A 24/7 conga line of trucks hauled the debris off to the city dump, where Schaitberger maintains also lie the remains of firefighters. Although Schaitberger couldn't come up with an estimate of how many remains have been lost to the city dump, we know from news reports that body parts that were missed during the excavation of the World Trade Center are still being found at the site.
The more I watch Matthews the more mystifying he becomes.

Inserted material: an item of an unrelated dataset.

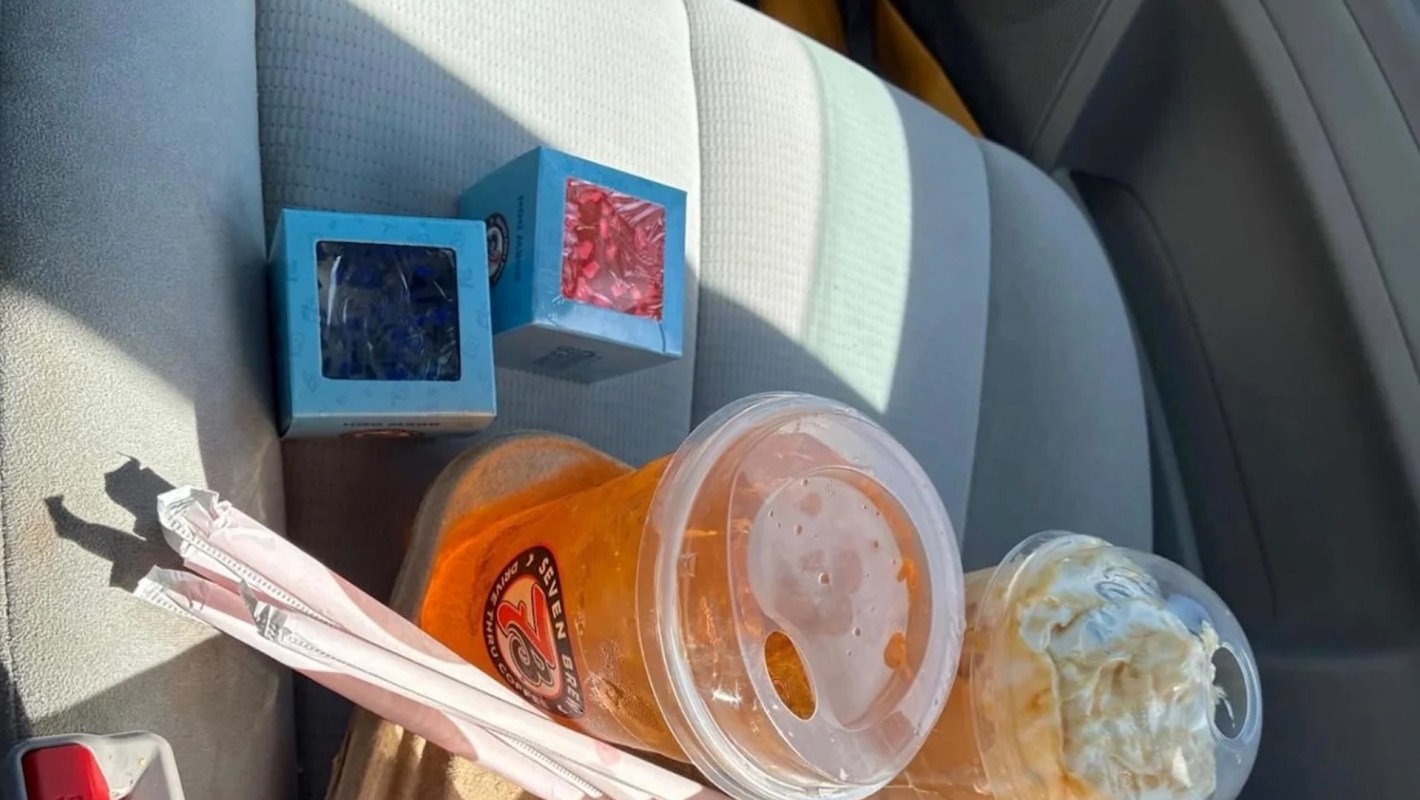 A beverage, a dessert drink with whipped cream, and two small boxes are on a car seat.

Sometimes he is unbelievable preceptive and on the mark, but these moments of lucidity are becoming more frequently marked by moments of thick-headedness.
The way Matthews lit into Schaitberger, one would think Schaitberger was an advocate of child-molesting priests or a devotee of Michael Vick and cruelty to dogs.

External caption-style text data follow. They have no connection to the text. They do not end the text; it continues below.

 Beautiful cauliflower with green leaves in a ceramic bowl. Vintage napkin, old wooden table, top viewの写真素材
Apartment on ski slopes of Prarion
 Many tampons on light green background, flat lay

Or, is Matthews such a good friend of Giuliani that he must play devil's advocate ad stupideam for the sake of...of...of what?
Making us think his guest is a dimwitted ghoul who's thrashing around in a gory minefield of body parts?
Or, is Matthews simply playing to his dumbed-down base, who since the days of "Crossfire," have gotten used to an hour of inaudible opinion, due to either the guests shouting each other down, or a host who has a list of questions with no thought to logical follow-up, because he's too busy focusing on the next question and not listening to the answer?
Or, is he a host who is so anxious to get to the next question, he doesn't allow the guest time to finish answering the first question? Perhaps it's a simple matter of Matthews not having learned to work within the time constraints of each televised segment. Whatever, it's becoming more and more of a curiosity.
Because, when someone is running for office, especially one as awesome as the presidency of the United States, their foibles, incompetence, bad decisions, lack of common sense, lack of good judgment, and choice of friends who either work for them or he recommends for high positions in the government should be scrutinized for major flaws more carefully than that new car we're planning to buy.
Ask any New Yorker who, I've heard, is more than willing to say Giuliani was a terrible mayor. I don't know from firsthand experience; I've never been to New York City. It's enough to follow the antics of Los Angeles Mayor Antonio "Photo-op-Loves-the-Press-in More-Ways-Than-One" Villaraigosa.